Manevi tefeciler, gidişat nereye?

 Etrafımızda olup bitenlere kayıtsız kalmanın çaresizlik ile ilgili olmadığını herkes bilmektedir. Bu ilgisizlik, hakikatin ruha değmemesi ile meydana gelen sarsıntılardır.
Sarsıntılar arasında, kendisinin doğru olduğunu zanneden ve şekilcilik ile söylemlerde kalan bütün hareketler olumsuzlukları önleyememektedir.
Kendine has bir dil, üslup, fikir ile pratiğe dökülmüş bilgi, her zaman hakkın haklıya teslim edilmesi, gelecek kaygılarını ortadan kaldıracaktır.

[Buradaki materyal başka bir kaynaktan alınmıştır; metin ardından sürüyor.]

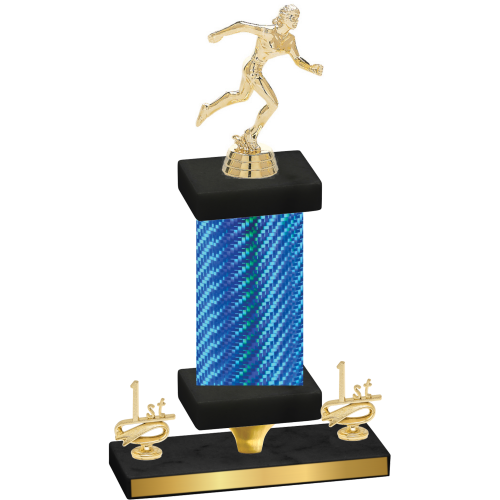 Premium Single Blue Carbon Fiber First Place Running Trophy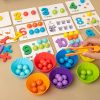 1 Set Of Montessori Math Teaching AIDS Baby Number Cognition Matching Puzzle Benefit Intelligence Clip Beads Children's Fine Action Toys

Ortada ki durum iç açıcı olmadığı halde işgal edilen zihinlere her gün verilen uyuşturucular ile belli bir seviyede ve sınırlı bir düşünce ile eylem sağlanmaktadır.

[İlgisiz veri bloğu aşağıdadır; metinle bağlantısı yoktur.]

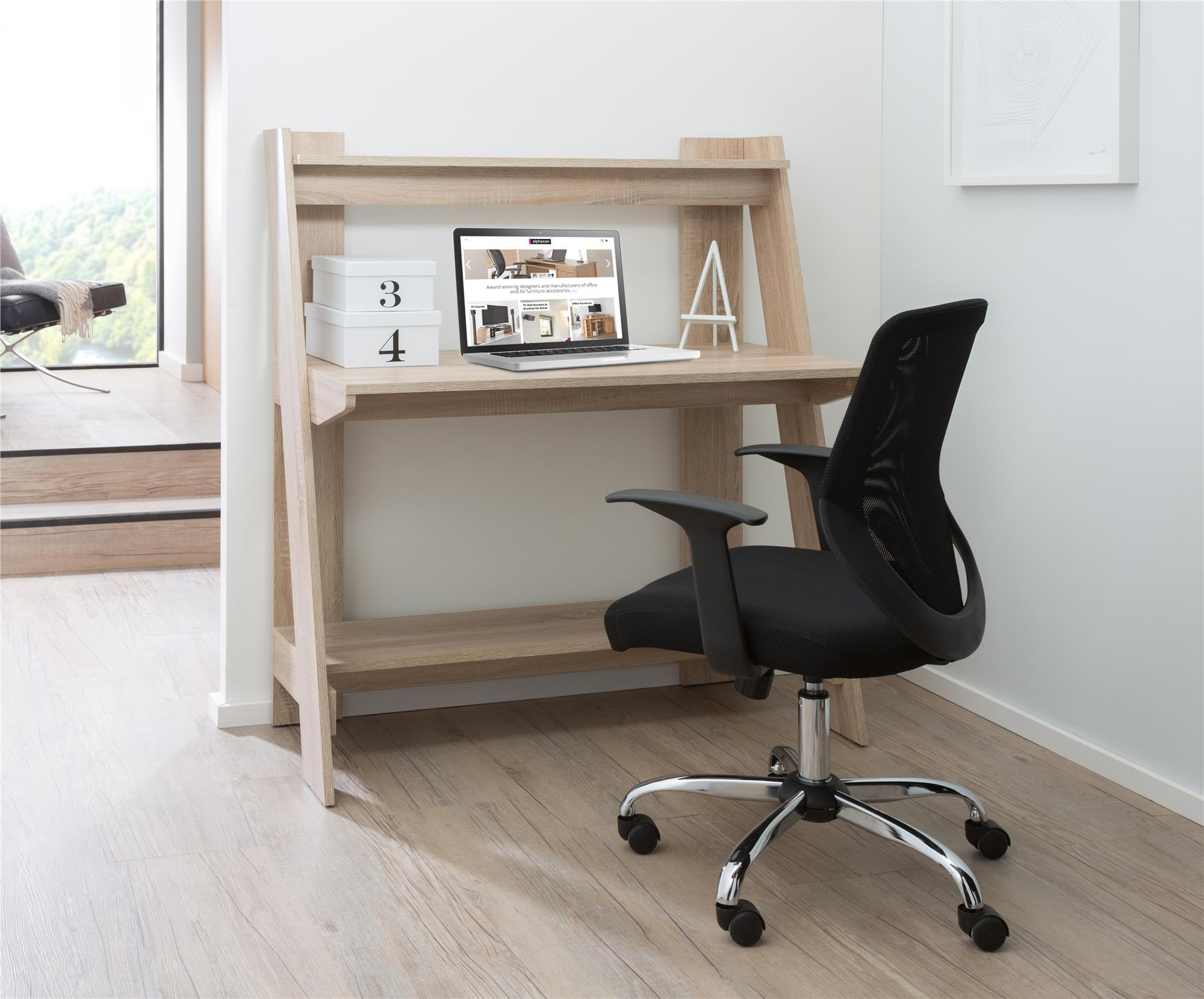 Thumbnail - Mid.you Schreibtisch Arizona, Eiche, Holzwerkstoff, rechteckig, A-Form, 121x55x110 cm, Arbeitszimmer, Schreibtische, Bür...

Yani kapitalizm ve batılı fikir(izm)ler neyi söyleyeceğimize karar verdikleri gibi neyi söylemeyeceğimize de karar vermektedirler.

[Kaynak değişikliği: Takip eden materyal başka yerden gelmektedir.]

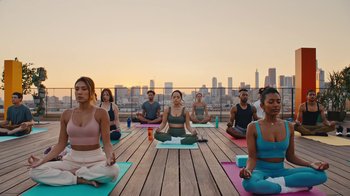 Movie still from “Facebook - Self Care with Becky G” (2021) – Extreme Wide shot, Low angle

Dünyevileşen insanlar, kalabalıklar arasında kaybolan insanlar ve nereye gittikleri belli olmayan menfaatperestler… Manevi komisyoncular ve manevi tefeciler adeta bizlere belli sınırlar çizerek oradan çıkmamıza engel olmaktadırlar.
Eyleme dökülmeyen her düşünce ve söylem anlamlı değildir. Güzel kelimelerle kalabalıkları uyuşturan kişiler, kahramanlık hikayeleri ile adeta ayağa kalkmanın mümkün olmadığı bir ortam oluşmasını sağlamaktadırlar.
Gelecek kaygısı taşımanın verdiği ehemmiyet ve bu geleceğin; nasıl tasarlanacağının fikrini oluşturmak için, bir düşünceye verilecek güç ile göstermelik ve makamının sabitesi için verilen güç bir olmamakta. Bu da, daha çok fakirlik ve kargaşa meydana getirmektedir.
Geleceğimizin bizi ne yöne götürdüğünü bilmemiz için neyi, niçin yaptığımızı bilmeli ve olayların kahramanlarını değil, olayın kendisinin ne derece kıymetli olduğunu araştırmamız gerekir.
Sürünün bir parçası olmamak için parçadan değil, bütüne odaklanan fikirler ve bu bütün ile hareket alanı genişletilen, hakikatli insanlar yaratmamız gerekmektedir.
Bu insanlar daha çok okuyan, araştıran ve yeni bir dil ile sahaya çıkan, çatışmayı değil birliği temsil eden bu temsiliyette, güç karşısında zehirlenmeyen düşüncelere ve düşünce adamlarına yatırım yapan birlikler oluşturulması gerekmektedir.